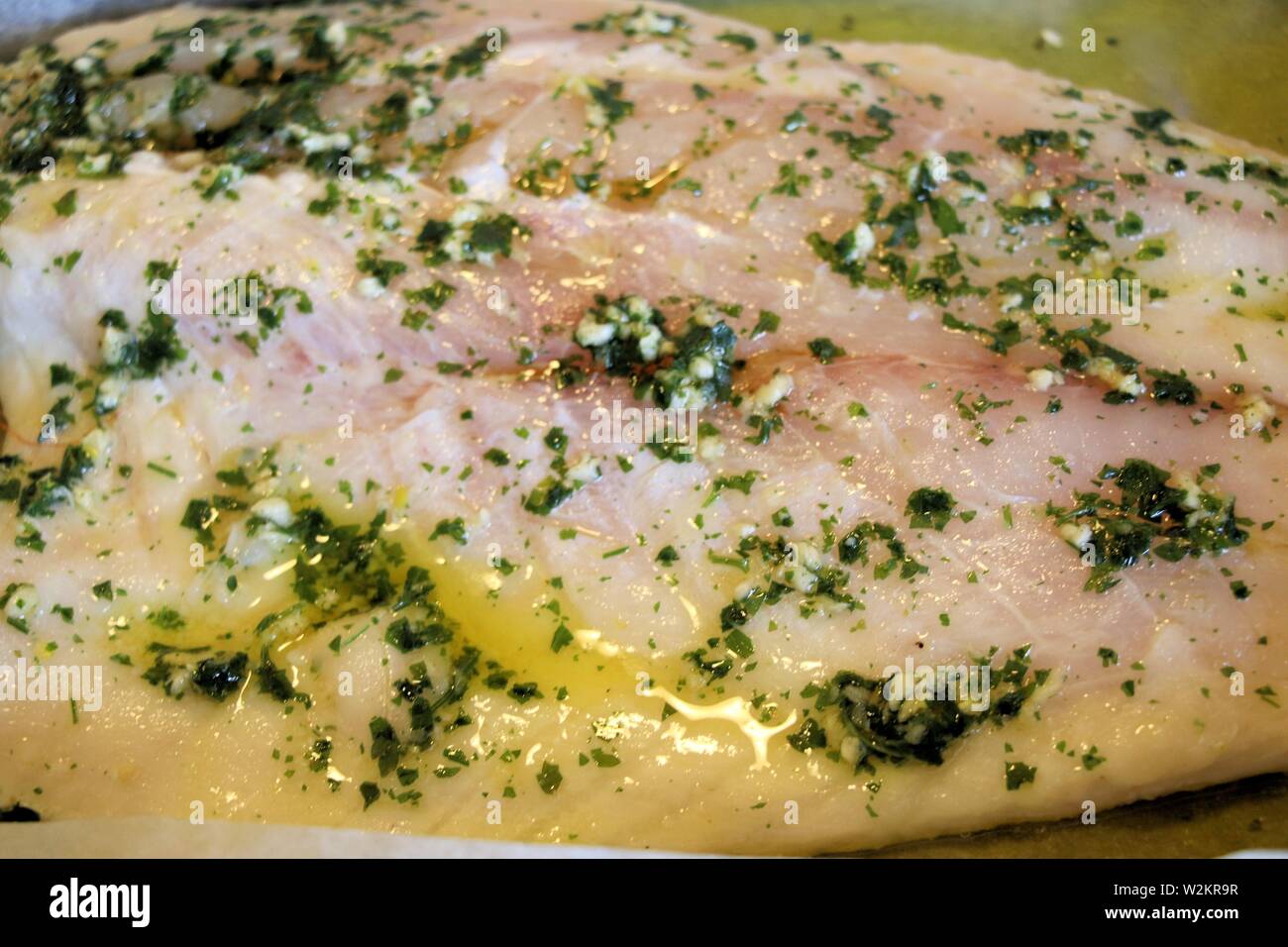baked white fish fillet with oil and parsley Stock Photo - Alamy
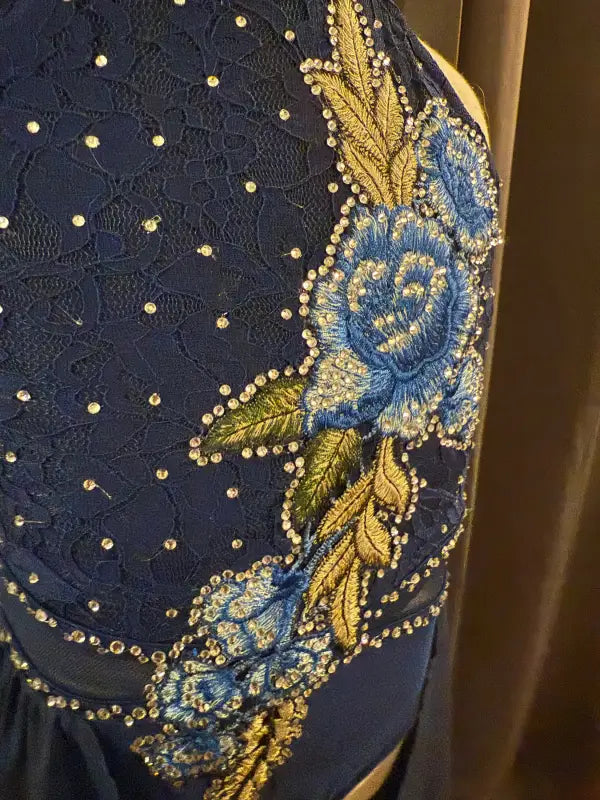 Embroidered blue floral dress.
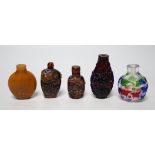 Five Chinese glass or amber snuff bottles, 7.4 cm high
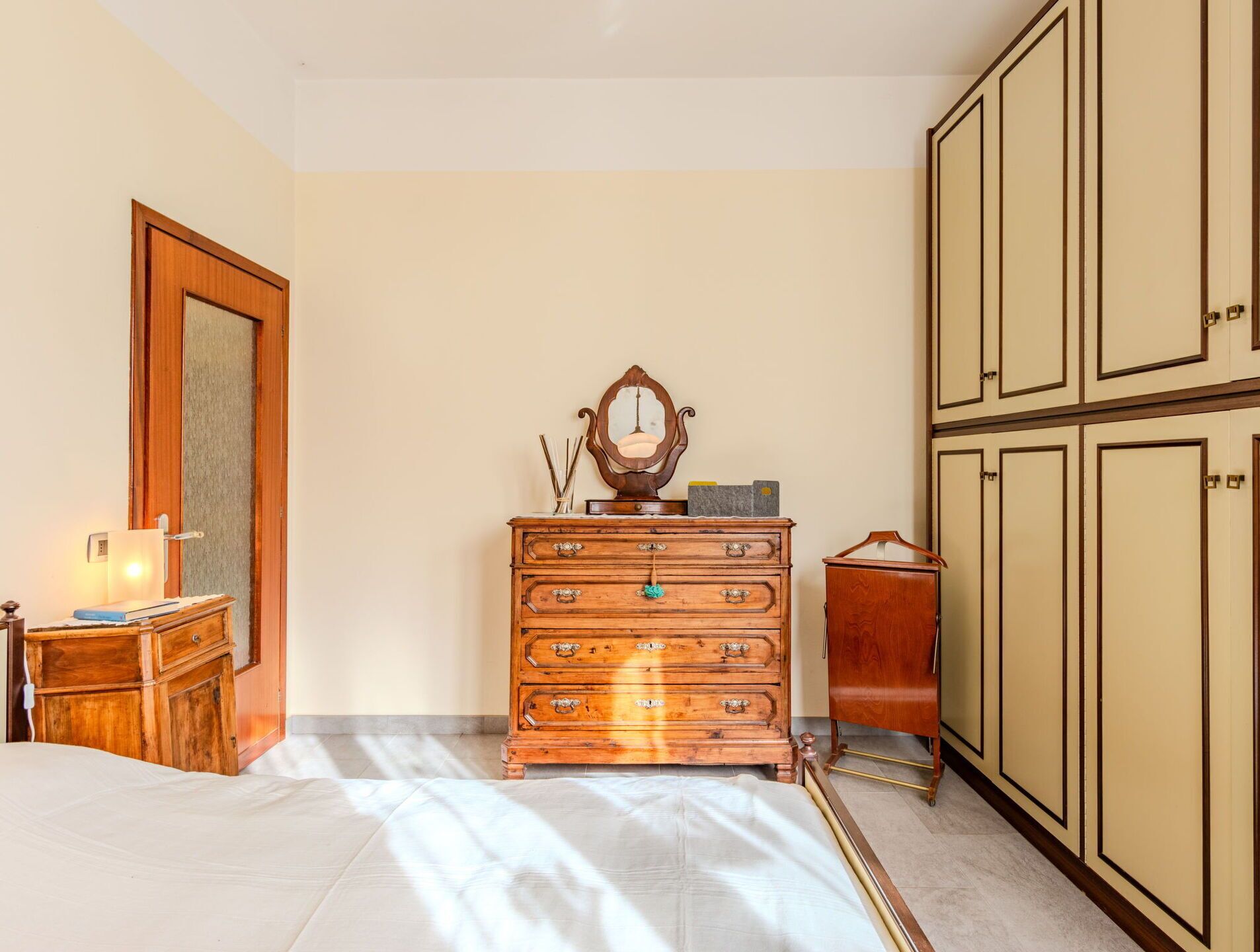 A bedroom with a wooden dresser, a bed, a mirror, and a wardrobe.
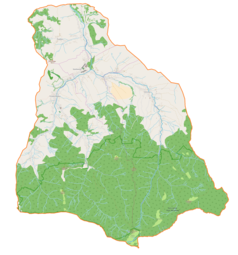 Mapa konturowa gminy Niedźwiedź, na dole po prawej znajduje się punkt z opisem „Pustak”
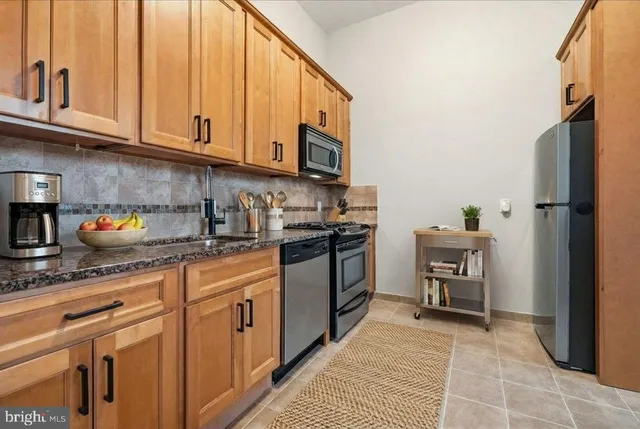 a dining room with furniture wooden floor and a rug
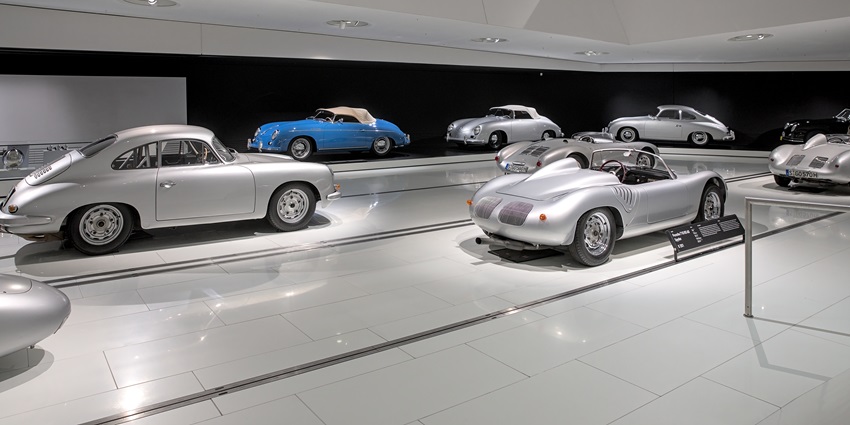 An image showing Porsche automobiles on display at the Porsche Museum, highlighting their design.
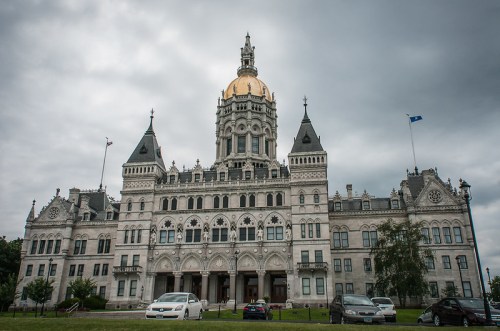 The Connecticut State Capitol building features a golden dome and intricate architectural details under a cloudy sky.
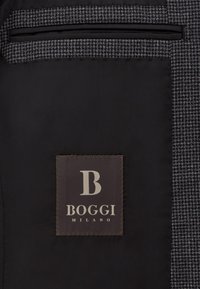 Tela negra con un patrón texturizado en gris; presenta una etiqueta marrón con "BOGGI MILANO" y un logotipo estilizado de la "B".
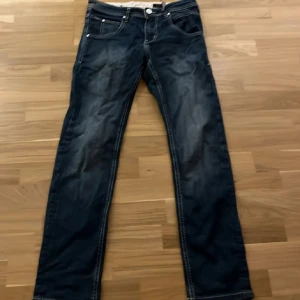 Jeans - Snygga mörkblå jeans från Gabba med raka ben och kontrastsömmar. Jeansen har klassisk femficksdesign, coola detaljer på bakfickorna och Gabba-logga vid fickan. Perfekta för dig som gillar stilrena och tidlösa jeans med en modern touch. Nypris över 1000kr mitt pris under 400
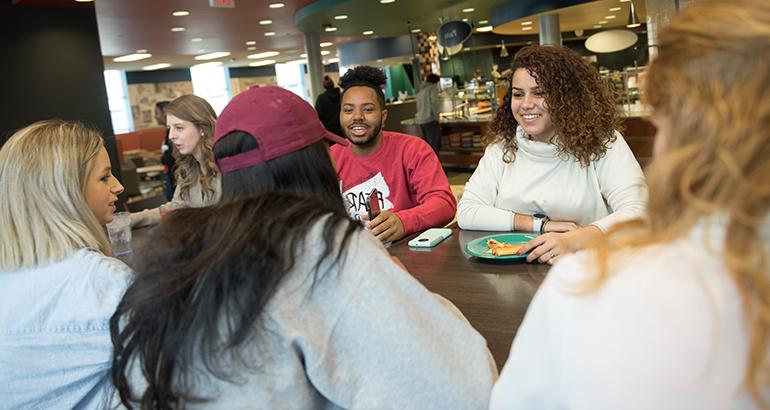 Group of students talking and eating at a table in the Watterson dining center.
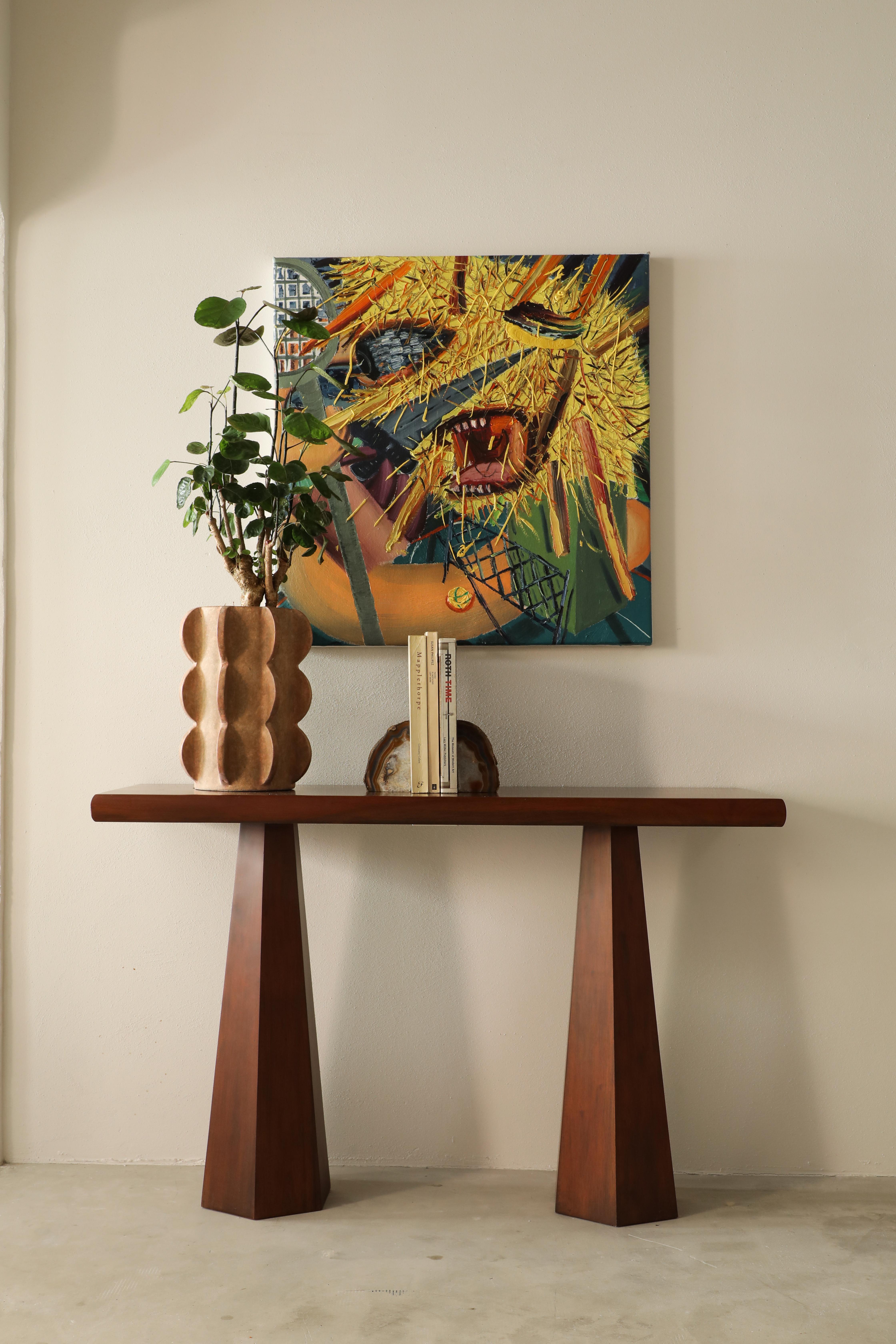 Hexagon Console Table Stained Ash is a modern console table made of solid stained ash. A rectangular tabletop sits on the two bases with a hexagonal shape.

Thanks to the fact that Hexagon Console Table is slightly smaller in size, it is easy to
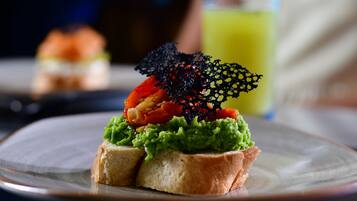 A sandwich with avocado and tomato on a plate.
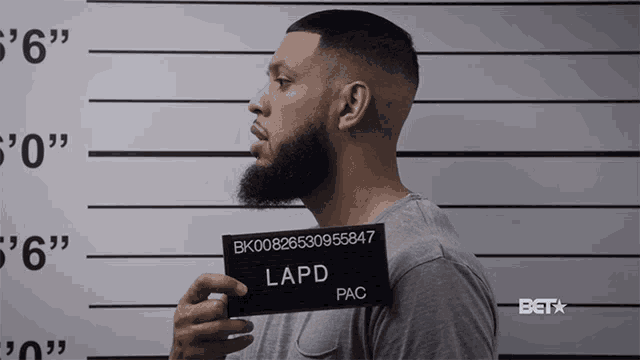 a man with a beard is holding a lapd pac mugshot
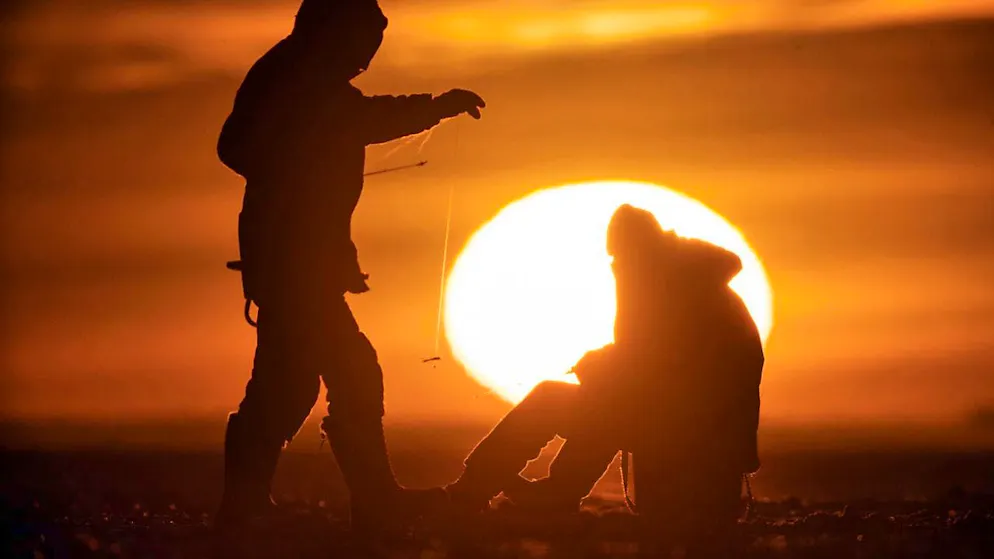 Men fishing through ice holes in the Gulf of Finland off St. Petersburg at sunset. (symbolic photo)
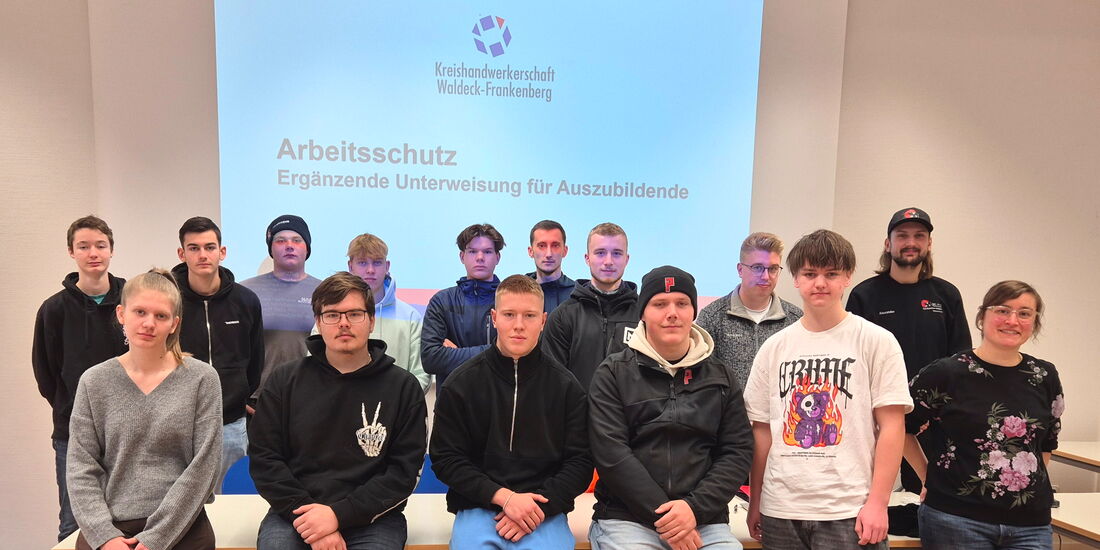 Azubis sitzen und stehen vor einer PowerPoint-Folie. Rechts daneben steht Dozentin Eva Maria Hartmann.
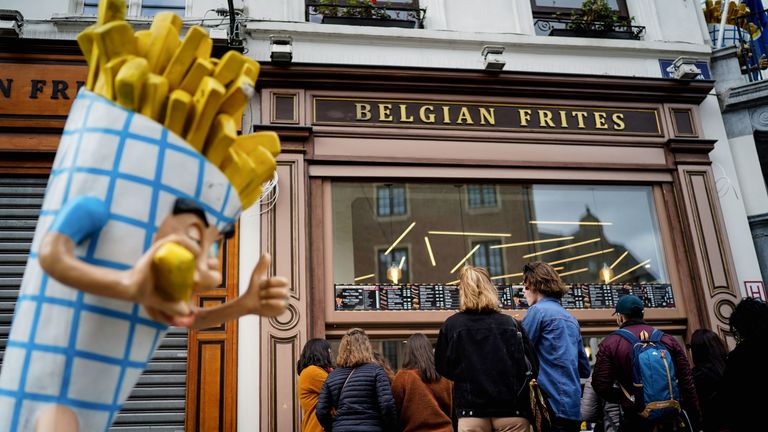People stand in line in front of a French fries vendor near the Grand Place in central Brussels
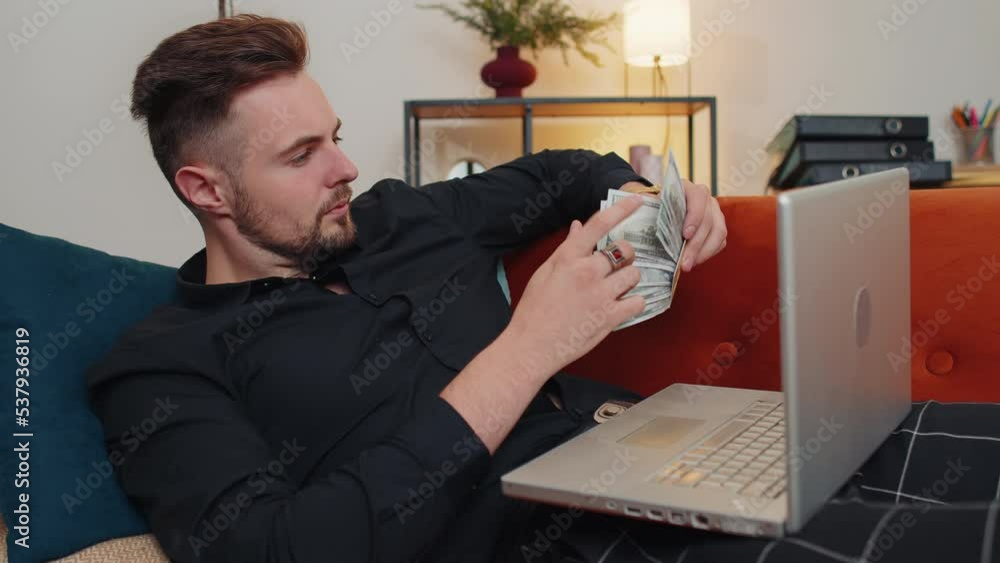 Man using credit bank card and laptop computer while transferring money ...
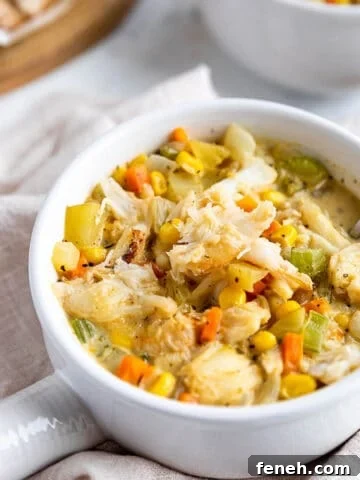 A soup bowl with a handle filled with a crab and corn chowder.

+ + +

## Task prompt
Every line from the one with "A sandwich with" through the end of the records is to be reproduced exactly, and the pictures are to be left out.

## Solution for this task
 A sandwich with avocado and tomato on a plate.
 a man with a beard is holding a lapd pac mugshot
 Men fishing through ice holes in the Gulf of Finland off St. Petersburg at sunset. (symbolic photo)
 Azubis sitzen und stehen vor einer PowerPoint-Folie. Rechts daneben steht Dozentin Eva Maria Hartmann.
People stand in line in front of a French fries vendor near the Grand Place in central Brussels
 Man using credit bank card and laptop computer while transferring money ...
 A soup bowl with a handle filled with a crab and corn chowder.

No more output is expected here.